Which lines run from the one containing "Mitsubishi Pajero 2000, фото" through the end of the data? Write them out exactly, with the pictures left out.

Data excerpt:
========

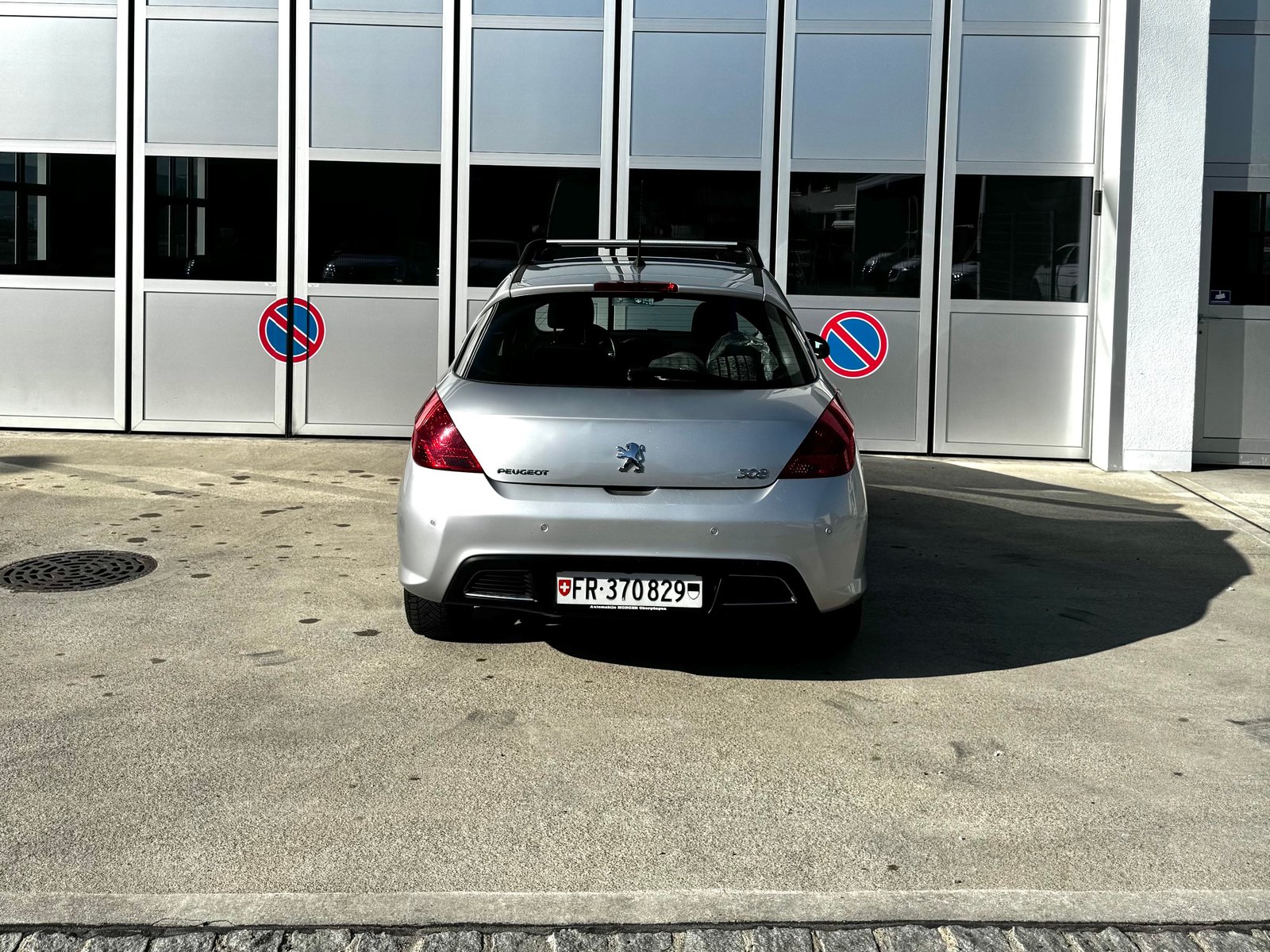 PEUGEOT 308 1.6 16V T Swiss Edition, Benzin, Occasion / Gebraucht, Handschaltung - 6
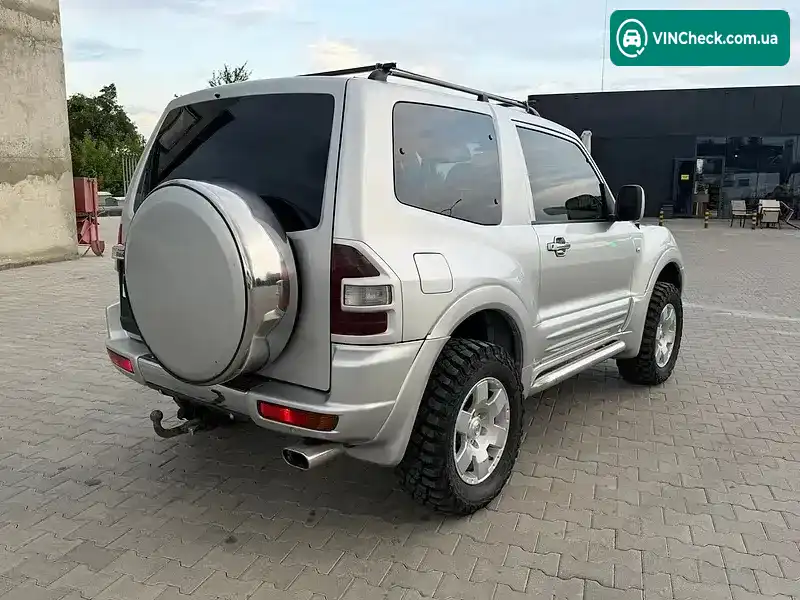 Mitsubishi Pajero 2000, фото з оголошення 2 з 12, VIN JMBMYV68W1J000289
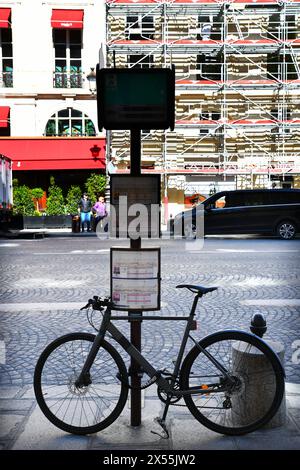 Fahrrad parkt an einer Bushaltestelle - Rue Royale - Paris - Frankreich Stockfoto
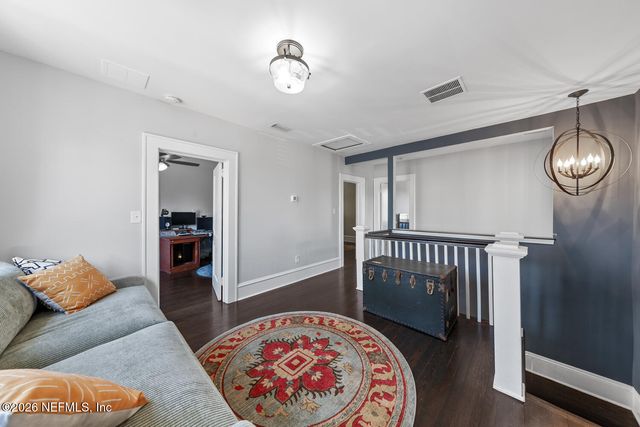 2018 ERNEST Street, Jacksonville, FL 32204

========

Written solution:
 Mitsubishi Pajero 2000, фото з оголошення 2 з 12, VIN JMBMYV68W1J000289
 Fahrrad parkt an einer Bushaltestelle - Rue Royale - Paris - Frankreich Stockfoto
 2018 ERNEST Street, Jacksonville, FL 32204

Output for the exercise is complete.